═════ DATA FOR REVIEW
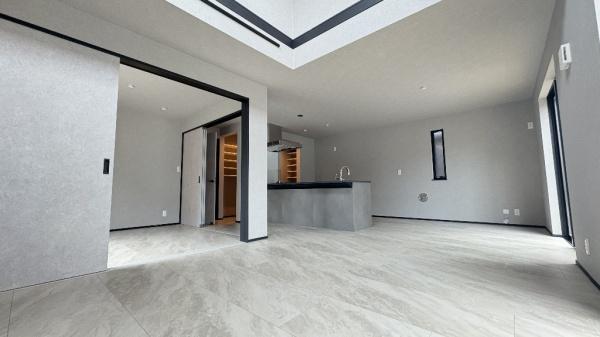 �_�ސ쌧���l�s�t���꒬�̐V�z��ˌ��Ẵ��r���O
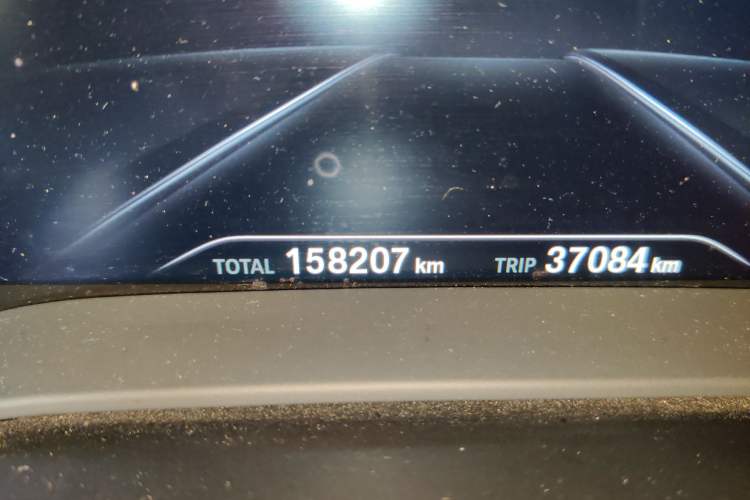 Used BMW 5 Series New Energy 2019 530Le Pioneer Edition Odometer Close Up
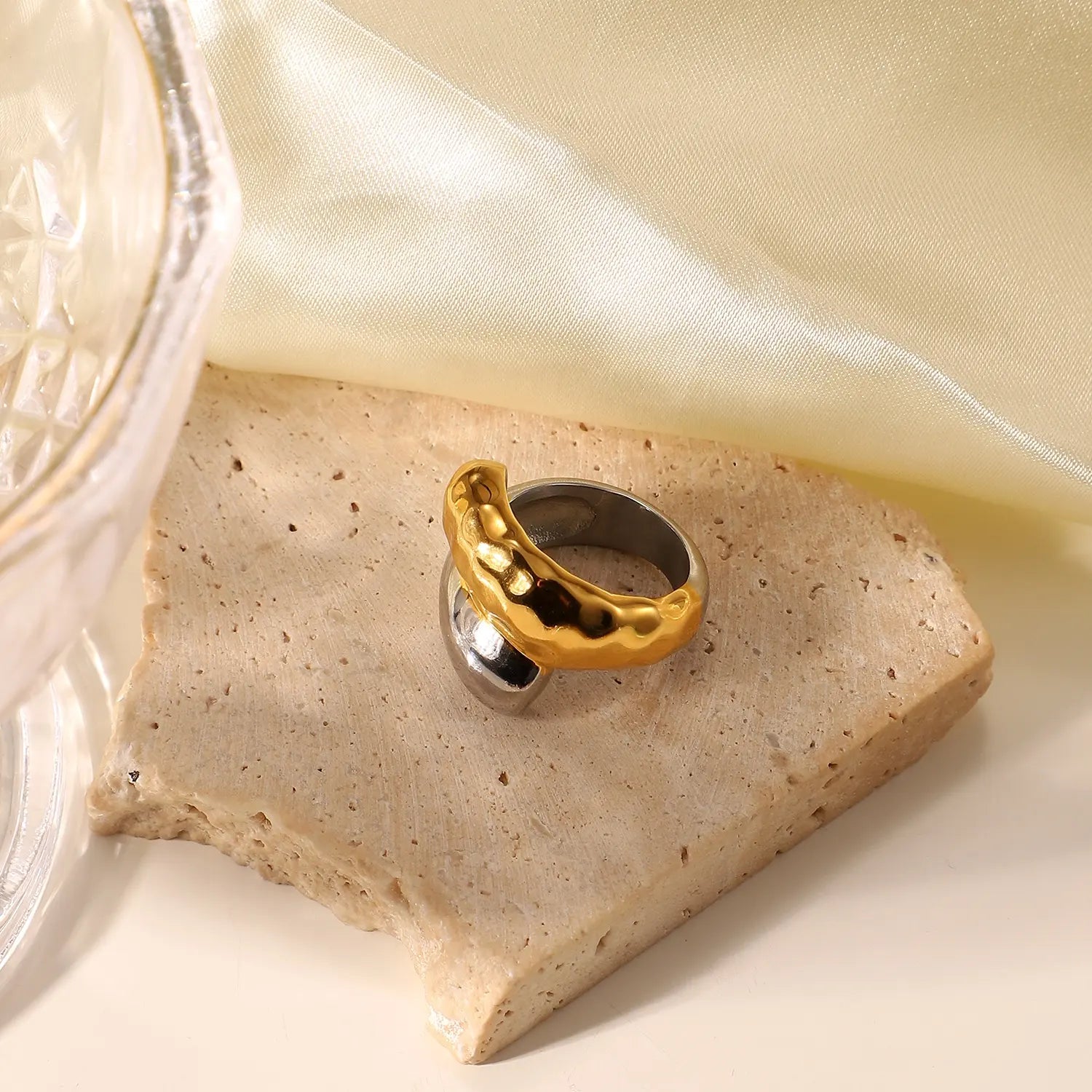 Two Tone Contour Ring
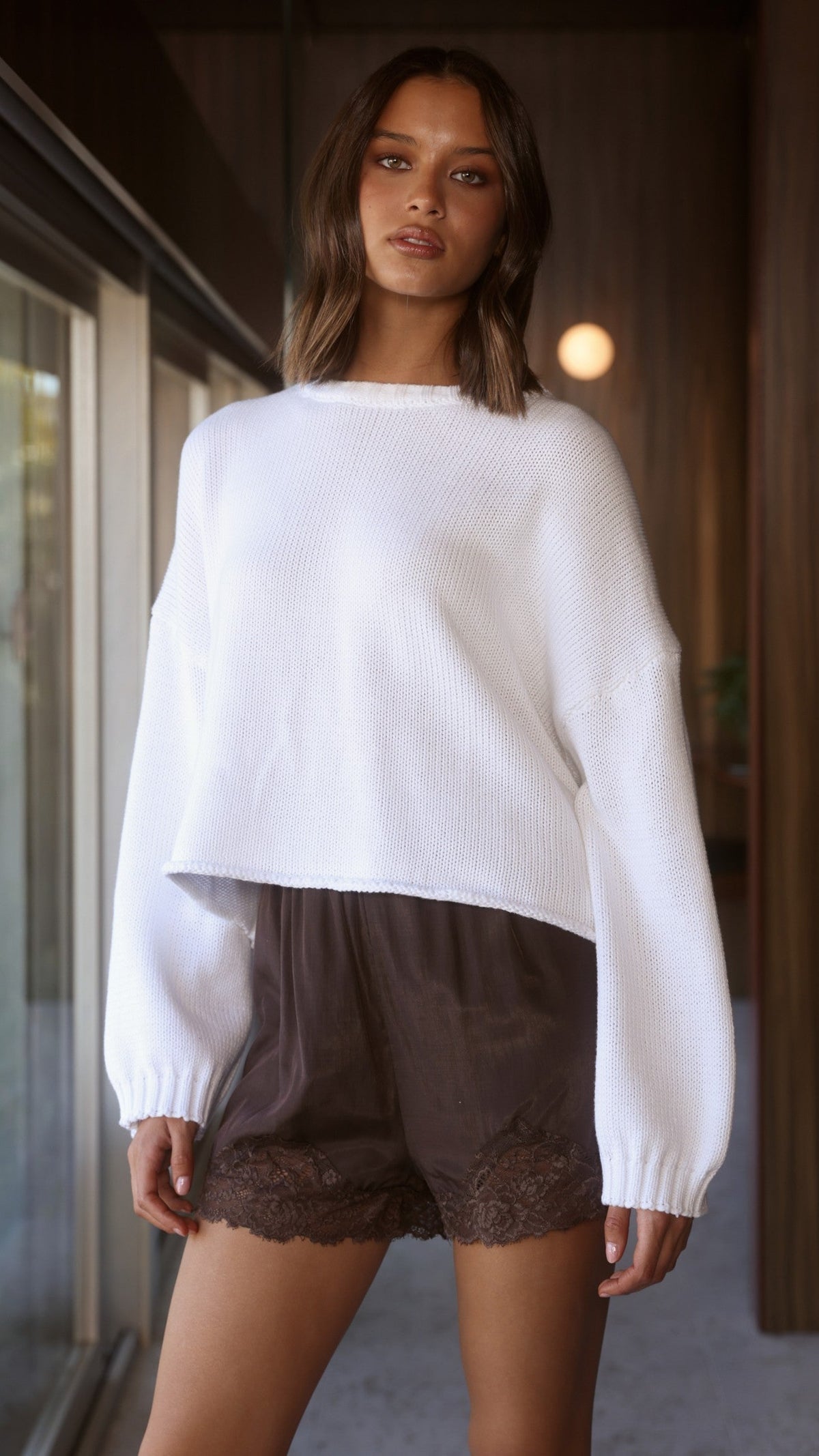 Melbourne Crew Neck Relaxed Fit Cotton Knit Jumper – White – view 5
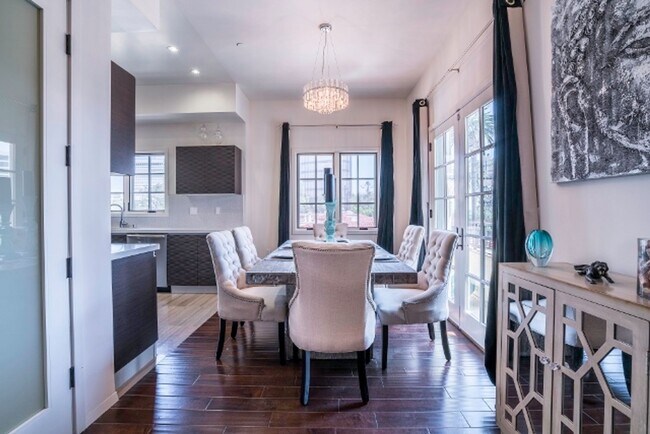 Building Photo - Stunning Multi-Level Penthouse 2 bed - 2.5 bath in Fabulous Beverly Hills Location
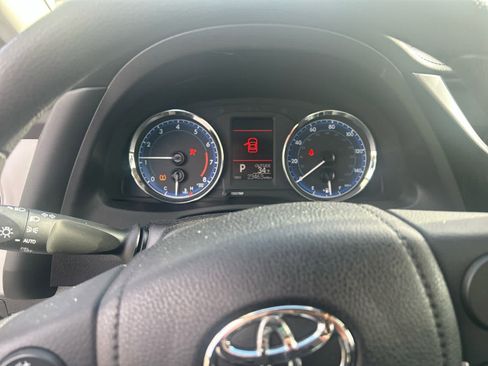 Used 2017 Toyota Corolla LE image 5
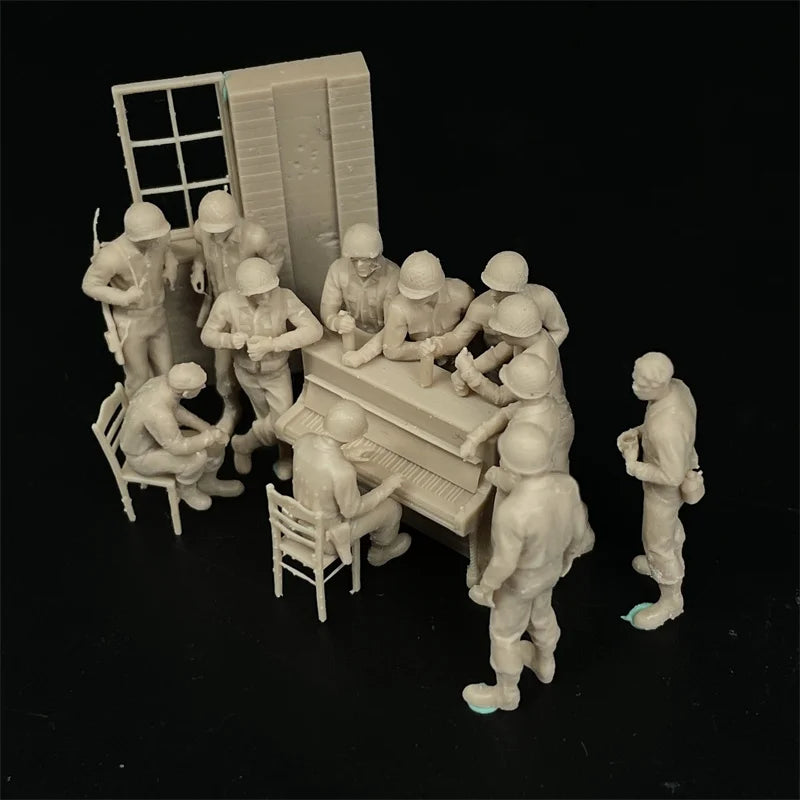 1/72 Scale Model Normandy Us Army Street Scene Playing the Piano 12 Soldier Figures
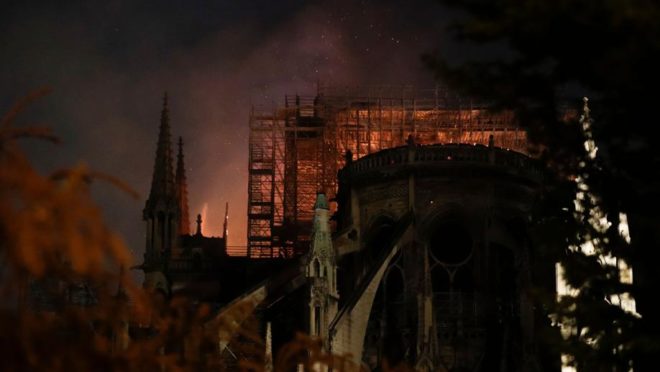 Chamas consomem o teto da Catedral de Notre Dame, em Paris, em 15 de abril. Foto: Geoffroy VAN DER HASSELT / AFP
══════════
### EXERCISE
All of the records above are to be written out exactly, minus their images.

### RESPONSE AREA
 �_�ސ쌧���l�s�t���꒬�̐V�z��ˌ��Ẵ��r���O
 Used BMW 5 Series New Energy 2019 530Le Pioneer Edition Odometer Close Up
 Two Tone Contour Ring
 Melbourne Crew Neck Relaxed Fit Cotton Knit Jumper – White – view 5
 Building Photo - Stunning Multi-Level Penthouse 2 bed - 2.5 bath in Fabulous Beverly Hills Location
 Used 2017 Toyota Corolla LE image 5
 1/72 Scale Model Normandy Us Army Street Scene Playing the Piano 12 Soldier Figures
 Chamas consomem o teto da Catedral de Notre Dame, em Paris, em 15 de abril. Foto: Geoffroy VAN DER HASSELT / AFP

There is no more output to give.